«Non ho sconfessato Valerio»
Il difensore del pentito scrive alla Gazzetta: «Non una cosca, ma individualismi»
Illustre Direttore,
ho preso visione dell’articolo apparso sul Suo giornale, martedì 30 maggio a firma di Tiziano Soresina, circa il mio intervento al processo Aemilia in difesa di Antonio Valerio. Pur apprezzando il contenuto del pezzo, devo comunque dissentire dal titolo, tanto da quello di prima pagina quanto da quello presente al suo interno.
Non è rispondente al vero infatti che avrei smentito il mio assistito, con il quale ho concordato ogni passaggio della linea difensiva. Pur comprendendo la singolarità della mia discussione, soprattutto difendendo un collaboratore di giustizia, ho ritenuto di fornire il mio contributo al Tribunale partendo dal presupposto che non sempre ciò che si confessa equivale necessariamente alla commissione di un reato.

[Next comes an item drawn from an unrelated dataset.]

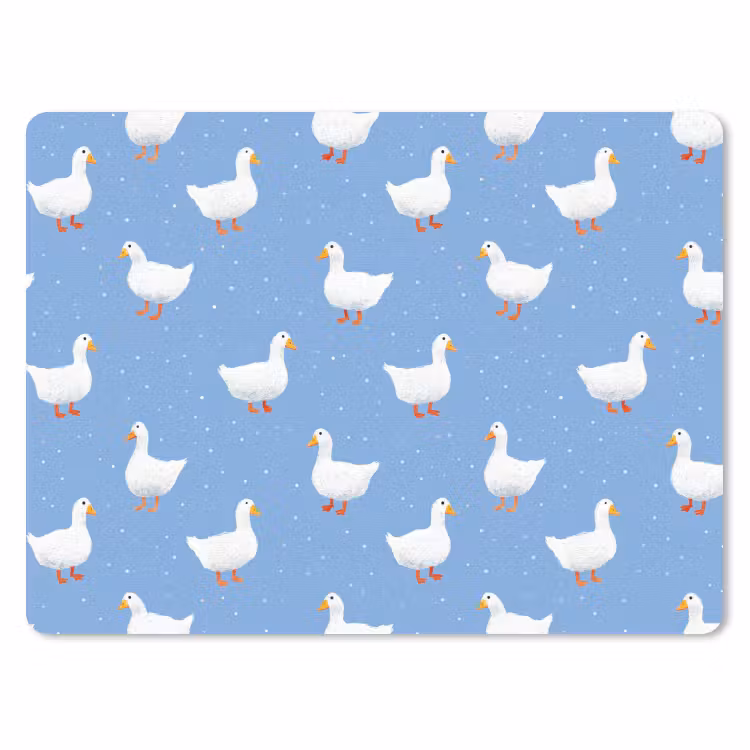 Ganzen - Elegant - Blauw muismat rubber klein 262 -3d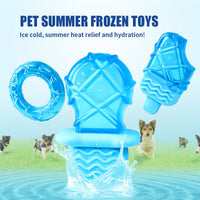 HKM-1957053 Cooling Dog Teething Popsicle Sticks - Ice Water-Filled Toy Set for Summer Relief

Valerio, come ricorderà, ha affermato di aver partecipato a una associazione a delinquere di stampo mafioso ma gli elementi che qualificavano come tale quella consorteria erano e sono, a mio avviso, insufficienti a integrare la fattispecie di cui all’articolo 416 bis cp.
La conferma di ciò che ho provato a esporre al Tribunale, senza voler ripercorrere il mio intervento, l’ho avuta proprio dal susseguirsi della verifica dibattimentale nella quale, superando la suggestione degli accadimenti, ho colto più un individualismo dedito al perseguimento di interessi personali piuttosto che l’associazionismo sostenuto dalla Procura. A una attenta lettura dei verbali di Valerio, non può non cogliersi come lui per primo si sia dedicato all’individualismo cui sopra facevo cenno pur nella partecipazione a una sorta di “colleganza geografica” in terra straniera. Senza sottrarLe ulteriore spazio e per le motivazioni che ho provato a esporLe, volevo chiarire le ragioni che, lungi dallo smentire chi assisto, sono state dettate unicamente da uno scrupolo difensivo.
Al di là che i due pm antimafia ritengono Valerio credibile (alla luce dei riscontri fatti) e che ovviamente la qualificazione giuridica di quanto raccontato dal pentito spetta ai giudici, di sicuro è apparsa a dir poco sorprendente la sua tesi difensiva, dopo aver ascoltato per varie udienze un uomo che si definisce cresciuto «a pane e ’ndrangheta», per poi snocciolare omicidi, armi, rituali e loschi affari. (t.s.)